Tobacco & Nicotine Vape Control
In my role as Senior Principal Social Scientist at the NHMRC Centre for Research Excellence on Achieving the Tobacco Endgame, I have conducted research into potential public health approaches to reduce smoking and nicotine addiction. This has included a narrative review of the Project Stop policy in Australia, which saw the introduction of recording ID from people purchasing pseudoephedrine to prevent diversion into methamphetamine use. This review provides a basis for implementing a similiar project for the sale of nicotine vape devices from Australian pharmacies, to prevent diversion to underage or recreational use.
In April 2024 I additionally published a policy proposal, in collaboration with Professor Coral Gartner, the centre director, and senior pharmacy researchers Professor Kathryn Steadman and Professor Lisa Nissen, presenting a model for pharmacist-only supply of nicotine vape devices, without requiring medical prescription. In June 2024 the Australian Greens Party drew on this paper when requesting amendments to new legislation before the Australian Senate, and a pharmacist-only supply model was subsequently implemented by the Federal Government, although without the consultation processes and many of the additional sale requirements outlined in our proposal.
Methamphetamine Use
My PhD research (2017-2021) used ethnography to explore trajectories of methamphetamine use and recovery. These findings critiqued the binary ideas frequently used to understand harmful drug use such as volition/compulsion, health/pathology, normality/abnormality, and virtue/pleasure. This study has led to the following theoretical developments that can inform and support interventions and policy for this population:
- A posthumanist understanding of agency in addiction that provides a more nuanced depiction of how people using drugs experience choice.
- The concept of ‘living with’ harmful drug use similar to how people are empowered to live with other longer term health issues.

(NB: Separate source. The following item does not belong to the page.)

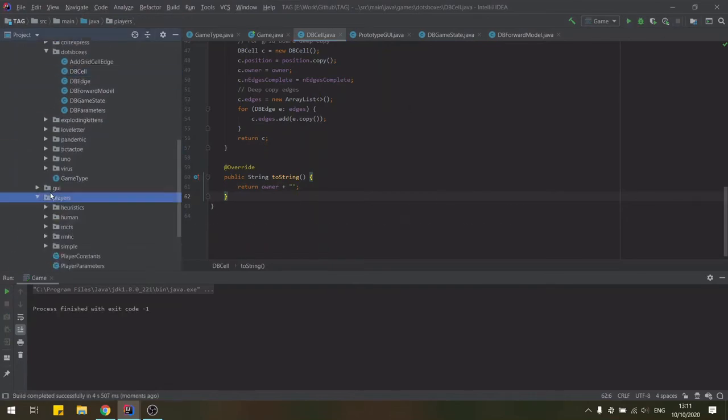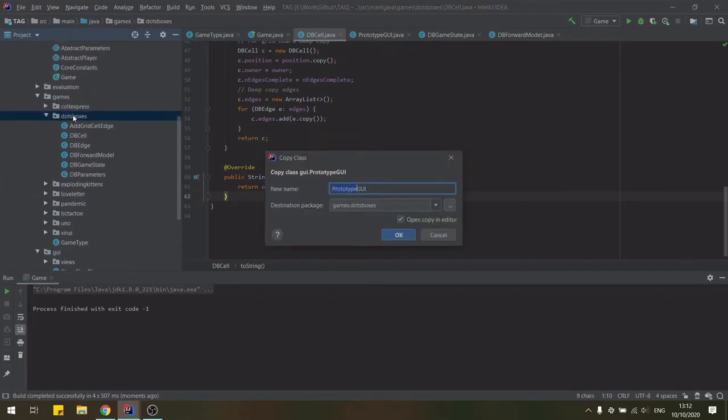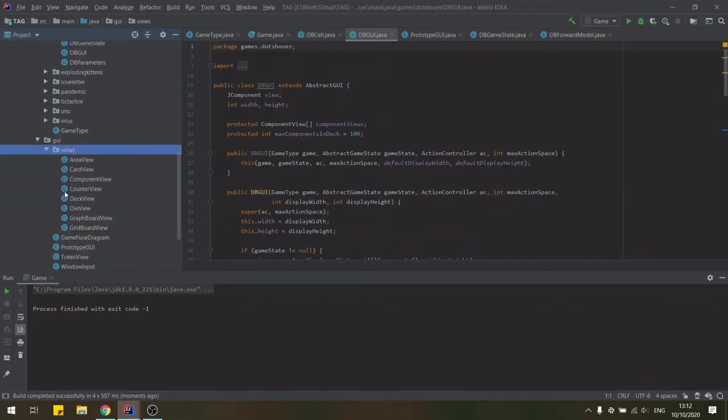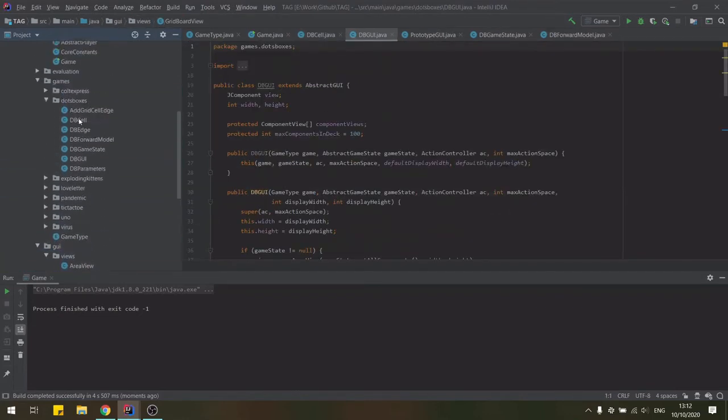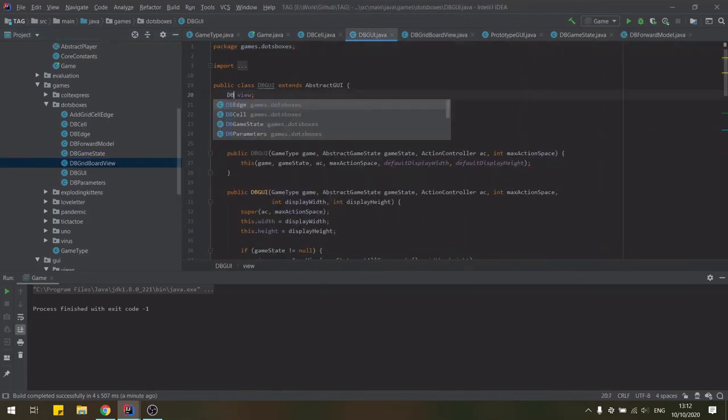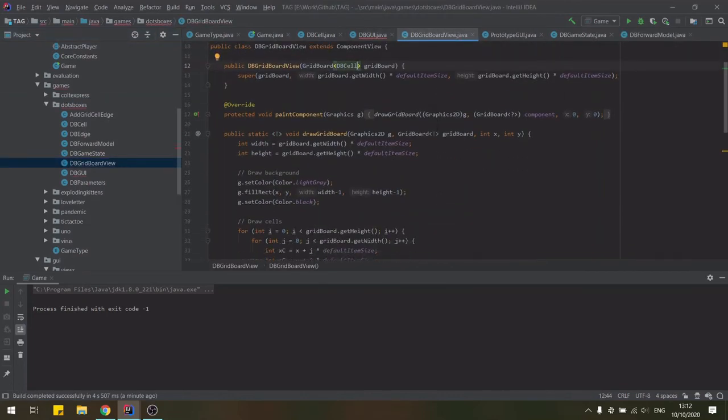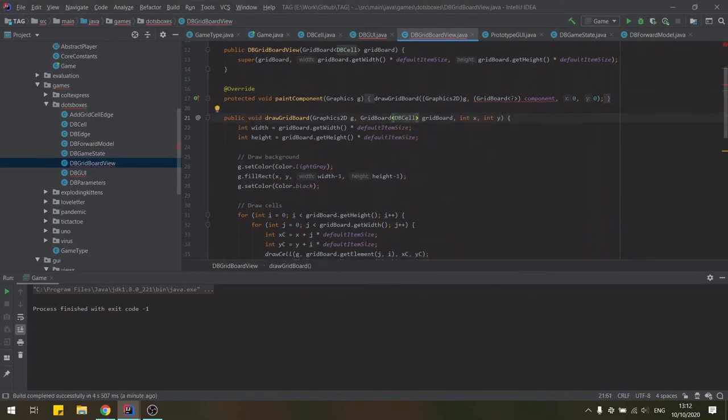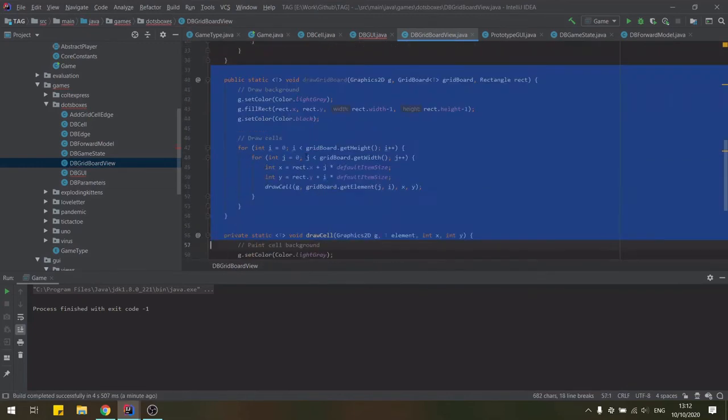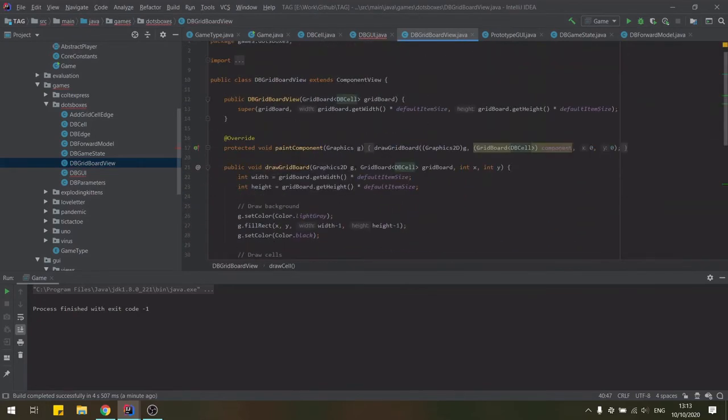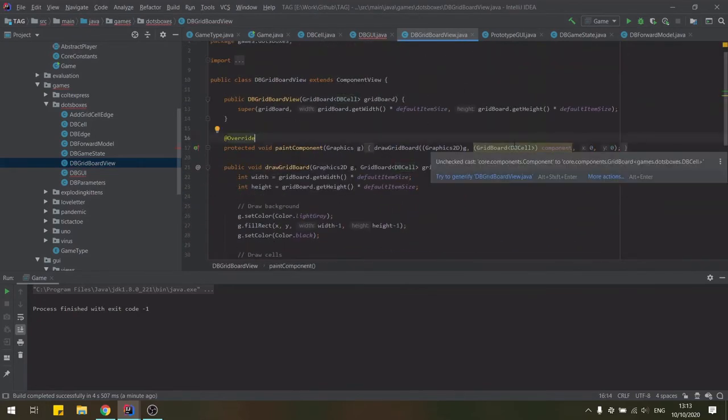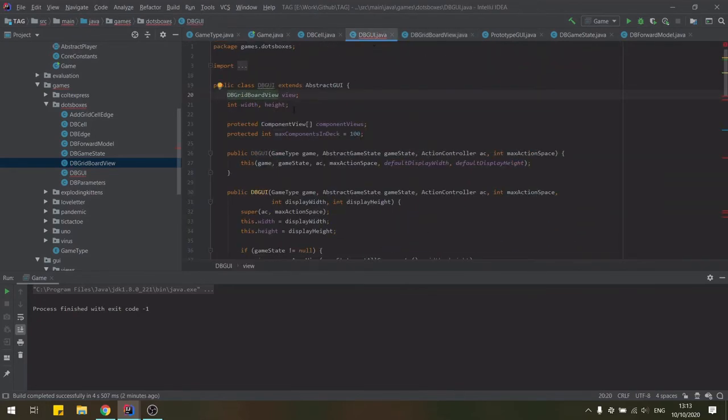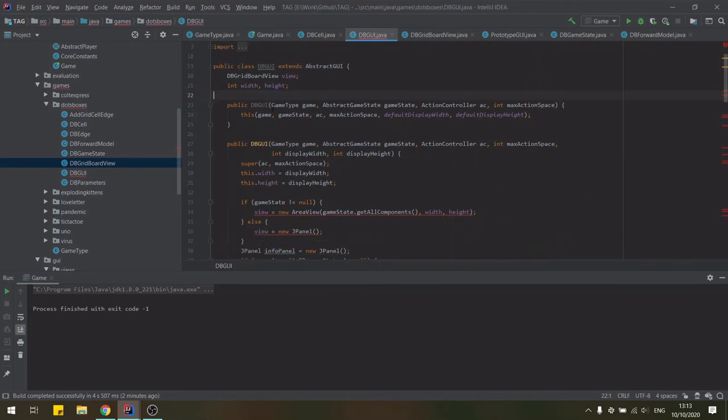However, this is still hard to read and it's hard to see all of the information we'd like. So in this last part of the video, I will customize our game's GUI a bit more by copying over the prototype classes for the prototype GUI and also the grid board view. And modify this to suit our particular use case a little bit better.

- The concept of ‘ambient paternalism’ in how people perceive their own behaviour within the hegemonic norms of neoliberal public health.
- The methamphetamine use ‘cascade’ emerging from multiple complex pleasures of methamphetamine use related to fundamental human needs for connection, social acceptance, adventure, meaning, and purpose.
These insights are used to construct a model of ‘Extended Recovery’ based on posthumanism and Extended Health, where recovery is understood to emerge from a complex socio-material environment, rather than as a process occurring only within an individual. A paper presenting this model is currently under review.
Sex Worker Health
From 2017-2019 I was part of a collaborative project between the University of Queensland and Respect Inc., the peak body sex worker advocacy organisation in Queensland, developing the ‘Factors influencing transgender and male sex worker access to sexual health care, HIV testing and support study (TaMS)’ report. This included a systematic review and synthesis of the global qualitative literature on this subject which included members of the sex worker steering committee as co-authors. The report provided an investigation of how this population experienced marginalisation and stigma when accessing sexual health services and was then used by Respect Inc. as part of their advocacy submissions to the Queensland government regarding decriminalisation of sex work. This process contributed to the Queensland Attorney-General requesting the Queensland Law Reform Commission to conduct a review of current laws and draft a decriminalisation bill forthcoming in November 2022. The decriminalisation bill has the potential to dramatically improve safety, working conditions, and health and wellbeing for sex workers throughout Queensland, and provide a necessary precedent for other states and territories.
Homelessness and Natural Disaster Management
For my Masters thesis I conducted qualitative interviews with people sleeping rough and their experiences of natural disasters and extreme weather. These findings can be drawn on to adapt the ‘all hazards planning’ concept within disaster management, to also being an ‘all people’ plan that can account for the various specific vulnerabilities of very different groups often bundled together under the title of ‘vulnerable populations’. This research was published in the Australian Journal of Emergency Management and provided recommendations on how community service organisations could better support this population across the different stages within the ‘Adaptive Cycle of Resilience’.